Assignment:
Set down only these lines, exactly: the line containing "Tea bowl of" and all lines through the end of the data below. Omit pictures.

Information supplied:
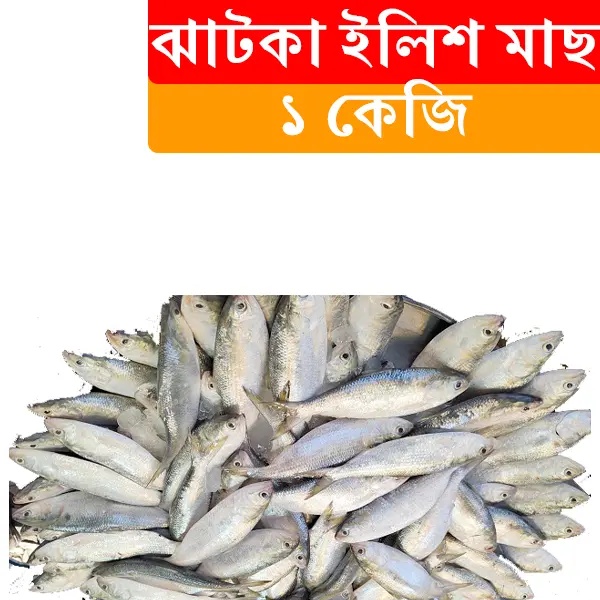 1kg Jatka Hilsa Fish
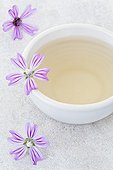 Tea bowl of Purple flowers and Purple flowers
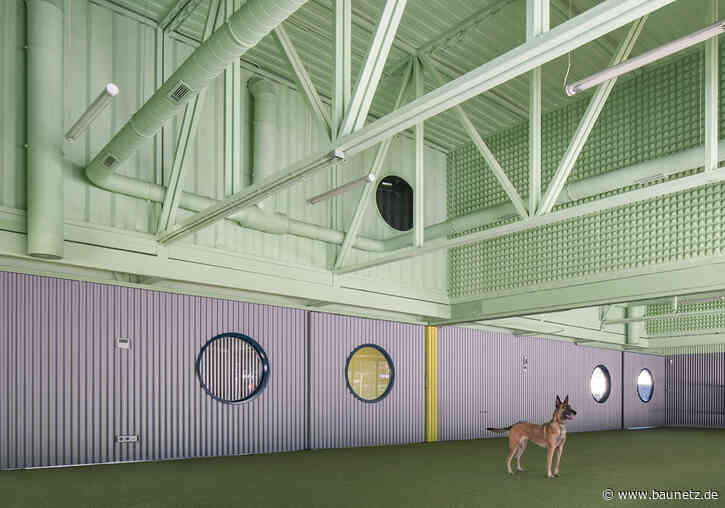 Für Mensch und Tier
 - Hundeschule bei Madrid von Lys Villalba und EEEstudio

Answer below:
 Tea bowl of Purple flowers and Purple flowers
 Für Mensch und Tier
 - Hundeschule bei Madrid von Lys Villalba und EEEstudio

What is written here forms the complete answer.